Mortgage repayments to fall by 25% by the end of 2023 says expert
Posted on January 23, 2023 by Kate Saines in What Mortgages Online
Monthly mortgage payments could fall by 25% by the end of 2023, according to analysis by wealth manager Quilter.
If inflation follows expectations and falls this should lead to interest rates stabilising and potentially even dropping, and mortgages following suit, said Quilter.
And this could mean mortgage rates fall to 4% by the end of the year and possibly even lower in future, said Karen Noye, Quilter’s mortgage expert.
She added: “[This] will have a real impact on monthly mortgage costs, particularly for those on variable rate mortgages, and could see more people considering buying a new home as the prospect becomes more affordable.”

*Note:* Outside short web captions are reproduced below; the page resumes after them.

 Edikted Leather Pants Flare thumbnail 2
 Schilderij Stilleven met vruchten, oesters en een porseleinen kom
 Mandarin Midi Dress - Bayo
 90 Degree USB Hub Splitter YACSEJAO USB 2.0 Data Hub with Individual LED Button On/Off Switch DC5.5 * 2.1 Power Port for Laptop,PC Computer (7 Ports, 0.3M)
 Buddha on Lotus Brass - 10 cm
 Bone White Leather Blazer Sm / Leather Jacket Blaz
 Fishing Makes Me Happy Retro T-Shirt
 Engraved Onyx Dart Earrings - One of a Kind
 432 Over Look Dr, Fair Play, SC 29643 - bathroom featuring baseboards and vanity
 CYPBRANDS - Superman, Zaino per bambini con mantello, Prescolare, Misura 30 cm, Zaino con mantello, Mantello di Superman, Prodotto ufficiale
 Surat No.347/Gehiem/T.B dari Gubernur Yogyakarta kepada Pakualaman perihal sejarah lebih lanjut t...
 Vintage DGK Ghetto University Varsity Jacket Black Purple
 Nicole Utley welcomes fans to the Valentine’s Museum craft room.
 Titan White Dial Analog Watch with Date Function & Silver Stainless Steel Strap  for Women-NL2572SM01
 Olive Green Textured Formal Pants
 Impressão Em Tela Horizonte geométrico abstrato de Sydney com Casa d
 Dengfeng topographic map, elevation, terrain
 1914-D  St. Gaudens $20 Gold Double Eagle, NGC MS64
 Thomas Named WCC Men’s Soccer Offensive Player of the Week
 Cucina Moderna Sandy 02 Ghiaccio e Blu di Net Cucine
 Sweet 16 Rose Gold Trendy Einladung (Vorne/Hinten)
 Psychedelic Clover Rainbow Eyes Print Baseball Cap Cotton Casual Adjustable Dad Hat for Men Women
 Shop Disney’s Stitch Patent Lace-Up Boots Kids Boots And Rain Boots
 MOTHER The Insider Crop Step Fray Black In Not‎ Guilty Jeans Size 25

How high have mortgage repayments increased in 2022?
The new analysis also revealed average mortgage payments had increased by 66% in the last year.
Indeed, those who purchased a property at £294,910 – the average UK house price according to the latest government data – at a mortgage rate of 6%, which was the average in November, would be facing a monthly repayment of £1,520.
This is a 66% hike on the £918 monthly payment for the equivalent property and mortgage deal a year earlier, said Quilter, which based the calculation on an 80% loan-to-value mortgage with a term of 25 years.
Noye added: “Inflation is still incredibly high and people’s buying power has taken a real hit as a result, particularly with rising energy bills, but thankfully we look to now be moving past the peak.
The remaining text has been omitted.